[Data segment]
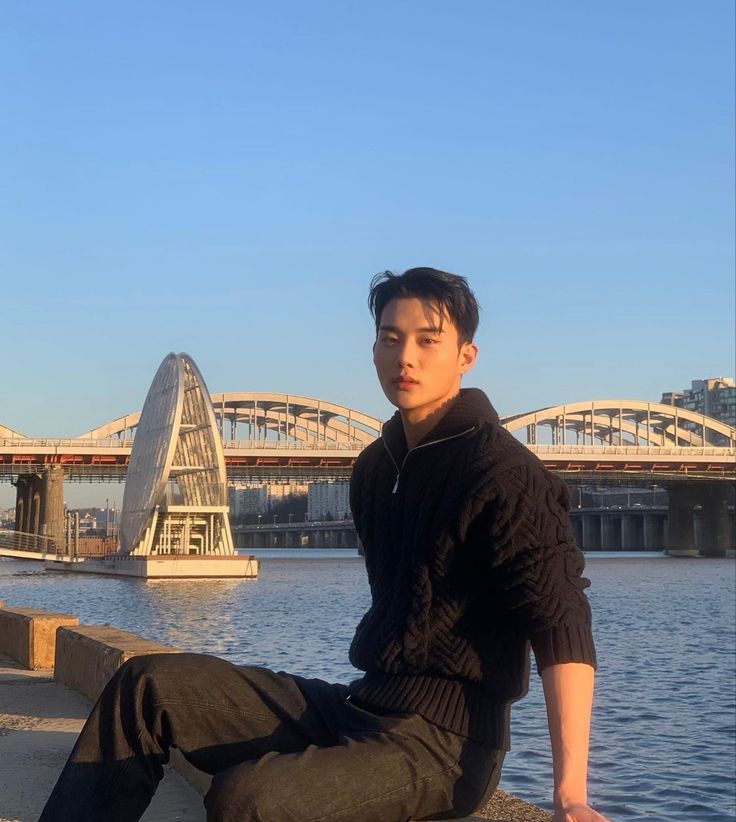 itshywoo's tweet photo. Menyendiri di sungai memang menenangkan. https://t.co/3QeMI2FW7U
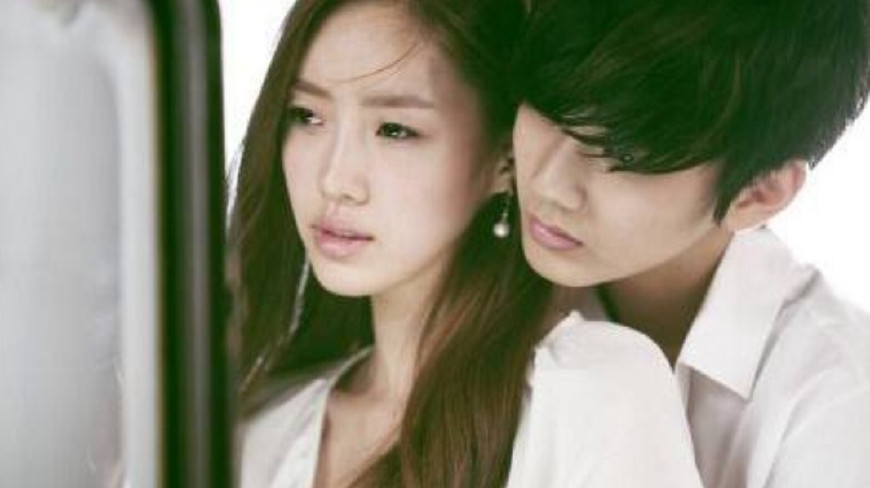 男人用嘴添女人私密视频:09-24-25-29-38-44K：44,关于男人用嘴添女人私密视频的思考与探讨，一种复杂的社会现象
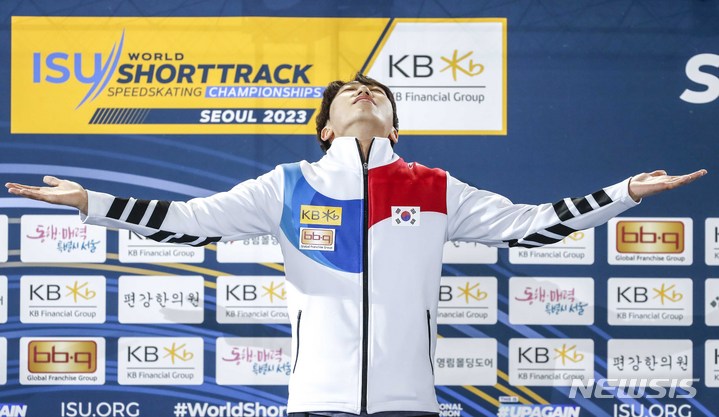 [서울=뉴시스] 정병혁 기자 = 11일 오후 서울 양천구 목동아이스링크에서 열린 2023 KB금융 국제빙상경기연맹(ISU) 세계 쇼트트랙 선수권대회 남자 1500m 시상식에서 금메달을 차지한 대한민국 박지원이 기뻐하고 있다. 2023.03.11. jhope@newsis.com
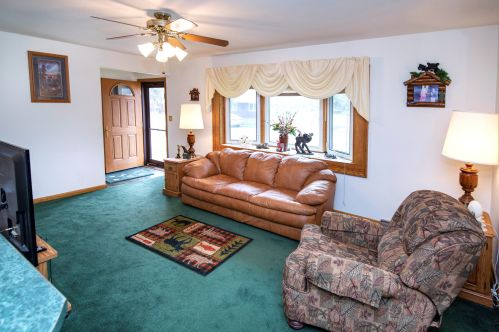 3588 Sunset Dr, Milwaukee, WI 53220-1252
[/Data segment]
** Instructions to follow **
Your copy of the data should match it exactly, apart from the images, which are omitted.

** Answer **
 itshywoo's tweet photo. Menyendiri di sungai memang menenangkan. https://t.co/3QeMI2FW7U
 男人用嘴添女人私密视频:09-24-25-29-38-44K：44,关于男人用嘴添女人私密视频的思考与探讨，一种复杂的社会现象
 [서울=뉴시스] 정병혁 기자 = 11일 오후 서울 양천구 목동아이스링크에서 열린 2023 KB금융 국제빙상경기연맹(ISU) 세계 쇼트트랙 선수권대회 남자 1500m 시상식에서 금메달을 차지한 대한민국 박지원이 기뻐하고 있다. 2023.03.11. jhope@newsis.com
 3588 Sunset Dr, Milwaukee, WI 53220-1252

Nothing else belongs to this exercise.